Social Justice Learning

Dave Coyne
Dave Coyne

A social justice model is not inherently known but is rather learned based on other’s experiences. Interpreters do so by listening/learning during those discussions with those we work with. These conversations can occur one-on-one by simply asking stakeholders questions, or perhaps establishing a meeting at your agency and inviting Deaf community members to come in and share their opinions and experiences. Note these experiences and allow them to guide your role as an interpreter. This can also be done on a national level. A community forum offers those who are invited into conversations, a type of empowerment. Often people are misled, believing leadership cannot be learned and it is for others to do. It is thought that leaders are aiming to change the world today, but this is simply not true. Unfortunately this type of change doesn’t happen the day of. Change is a long process that we contribute to, adding towards a goal. Leaders sleep knowing they contributed to a process in a good way, no longer worried they caused negative effects on others. This is because leaders take a close look at who they are, at their own specific behaviors (within specific areas that we are talking about: social, employment, and political behaviors).


There are various forms of leadership out there. Social justice theory goes with one of them and on the other end of the continuum (far from supporting social justice) there is a type that is seen plenty of within our field.

Transactional leadership in the interpreting field has been borrowed directly from business models. This type of leadership has immediate consequences and impacts those involved.  An example of transactional leadership would be if two partners enter into mutually agreed upon transactions; they seek to simply finish their task and that is the end of their collaboration. Past the completion of the test, there is not any further investment of one’s time; it is not needed because the task coming to an end was what they wanted.

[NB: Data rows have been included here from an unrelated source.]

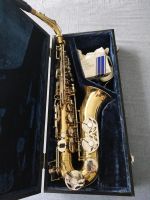 Verkaufe Alt Saxophon Niedersachsen - Bevern Vorschau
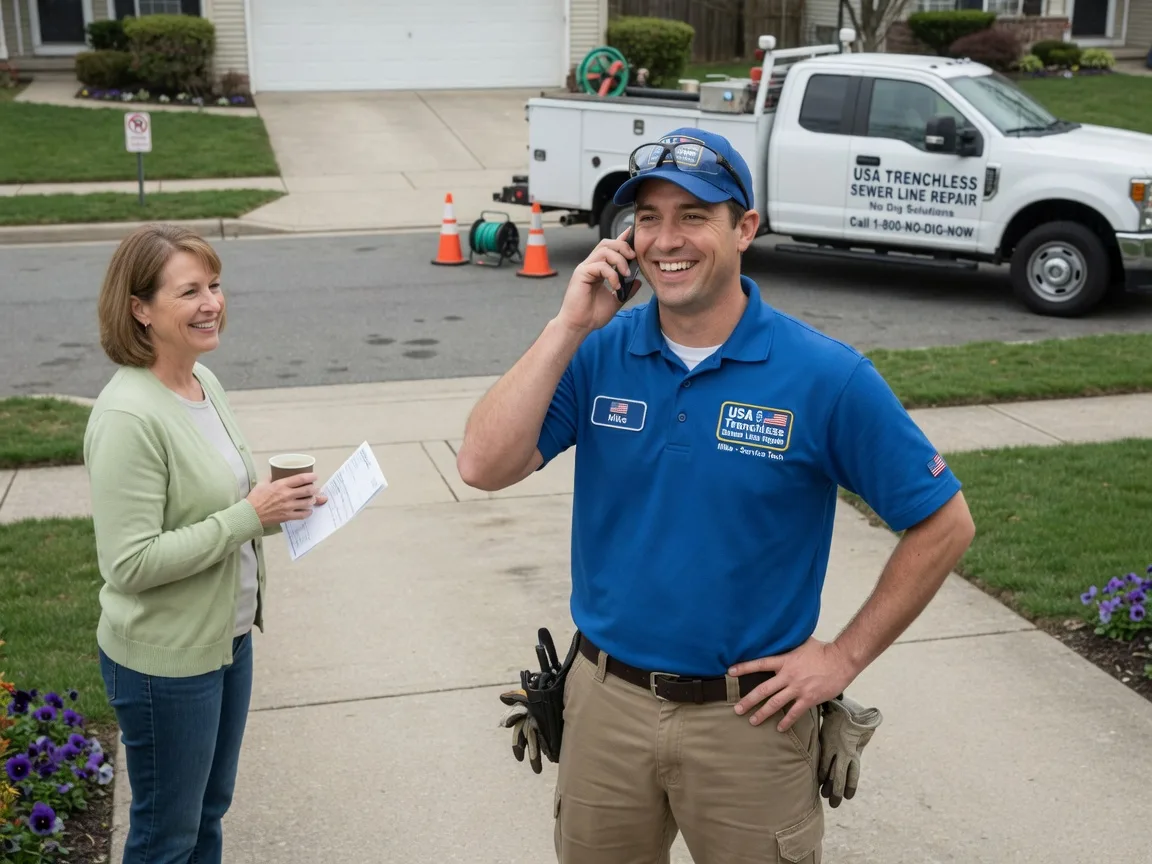 Sewer Line Repair Pinson, TN FAQs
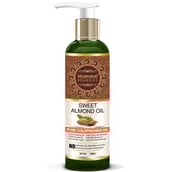 3 - Morpheme Remedies Sweet Almond Oil,  200 ml 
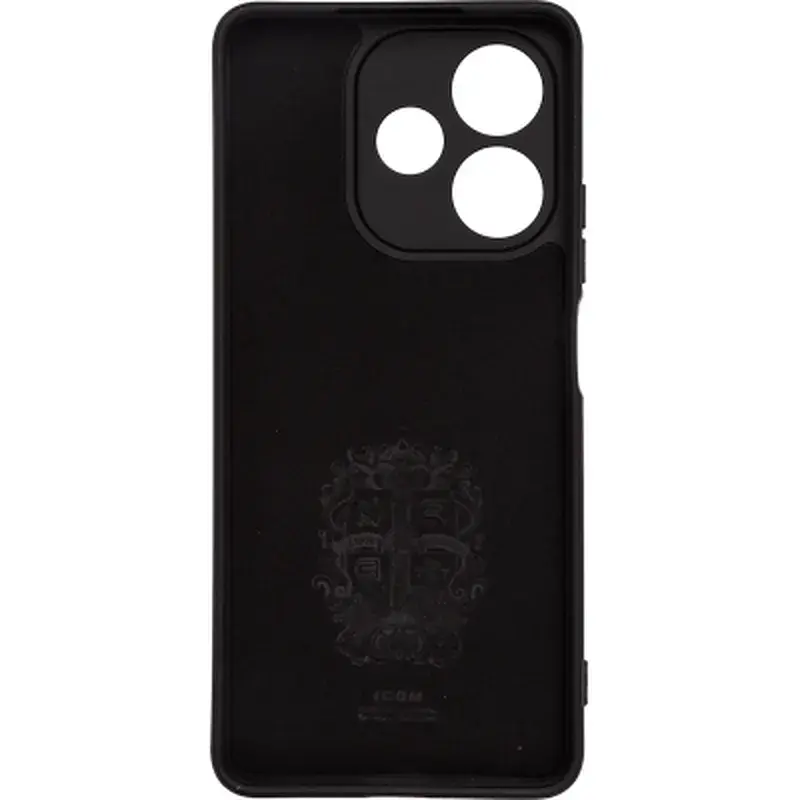 Чохол до мобільного телефона Armorstandart ICON OPPO A5 Pro 4G / A5 Pro 5G Black (ARM85383) - фото 2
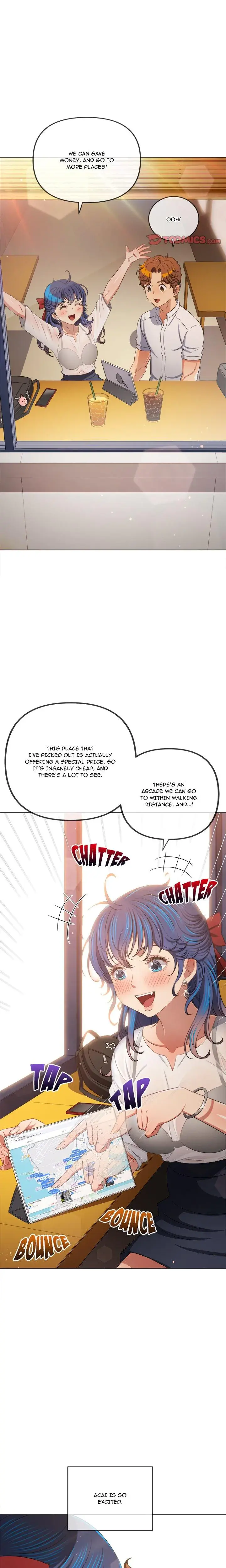 My High School Bully Chapter 252 - Page 20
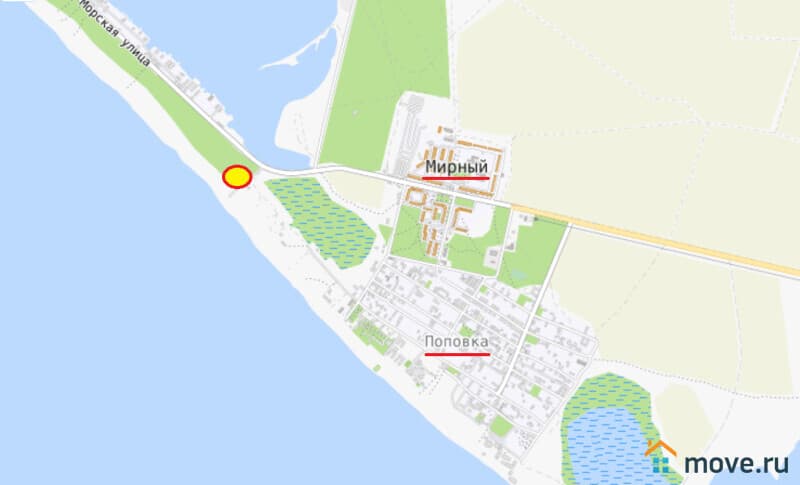 земельный участок, 6 соток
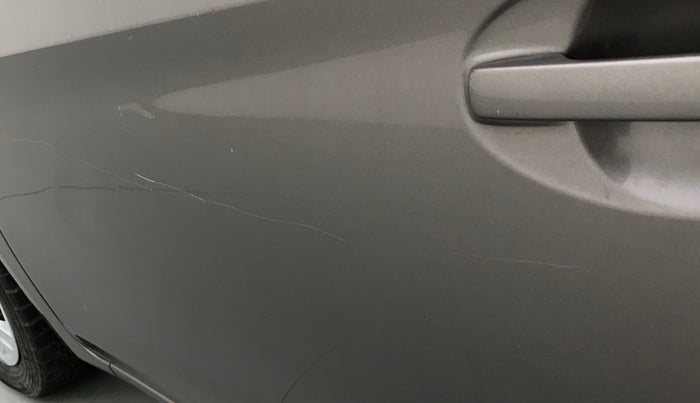 2015 Honda Brio 1.2 S MT I VTEC, Petrol, Manual, 52,444 km, Front passenger door - Minor scratches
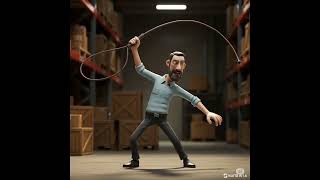 Jeff Bezos the Musical: An Amazon Story (opening scene)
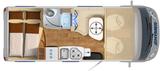 HYMER / ERIBA / HYMERCAR ML-I 540  - Hymer ML-I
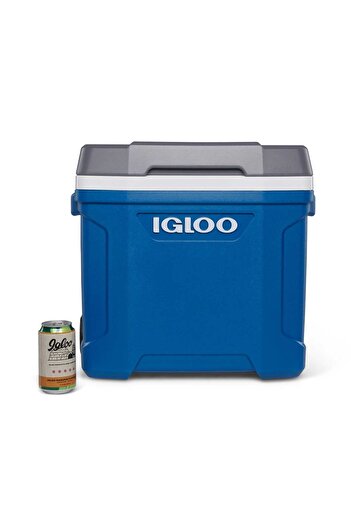 IGLOO - Latitude 30 Roller Cooler - Indigo Blue / Meteorite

I want to discuss what leads to a social justice lens, how one achieves a social justice lens, and how it serves as an end by means of transformational leadership. The key to this type of leadership is having true collaboration as the main priority, where much empowerment occurs, and everything achieved is done so through discussions. The transformational leader listens to others. Those involved must support the leader’s behavior and if they do not, this type of leadership fails.

Transactional Leadership

First, I would like to further discuss transactional leadership. A significant amount of interpreting situations has this type of leadership. This type holds many positive attributes with business transactions. However, when working with people who have a significant amount of daily struggles, this type of leadership hinders forward movement and furthers misunderstandings. People who go into situations with their own set agendas are found in this model, e.g., interpreters who work simply to get paid and no further thought about others happens after the encounter.

For the individuals who are under a transactional leadership model, perhaps even unaware that their behaviors are more transactional in nature, they don’t necessarily have to share any organizational goals nor do they need to for exchanges to occur under a transactional leadership model. For example, if we look at two similar businesses, perhaps they are a chain within a franchise, each have different owners but may have different priorities within their business and different goals than their sister stores. They have the same type of exchanges, based on money, selling the same products; however, they may serve people very differently. This parallels with the business of providing interpreting services. Interpreters are not obligated to follow organizational goals/values to guide their work; in lieu of, you may find self-interest that guides them.

People working within a transactional leadership model operate by holding control. They provide praises, rewards, and punishments to those working with them (traits of transactional leadership).

There are some transactional leadership traits considered positive. These include having fast results and immediate closure with tasks.  As long as set goals by those involved are achieved within situations, they can consider the task completed. There are people out there who want that set up.

Transactional leaders encourage others involved through controlling methods; setting clear steps for people to follow, deeming an assignment successful if they merely follow A, B, and C (not leaving set parameters). This set up lends for transactional leaders to be very strict. If you do not follow their set protocol, they may retaliate, e.g., may not hire you again, they may withhold pay, they may challenge to the point of furthering any type of resolve regarding concerns you have with them. The transactional model also fosters the mindset of ‘I merely work for compensation.’ Those involved in this model are told to accept set circumstances created by transactional leaders and this process contributes to colonialism (in general) and specifically toward the colonization of those involved.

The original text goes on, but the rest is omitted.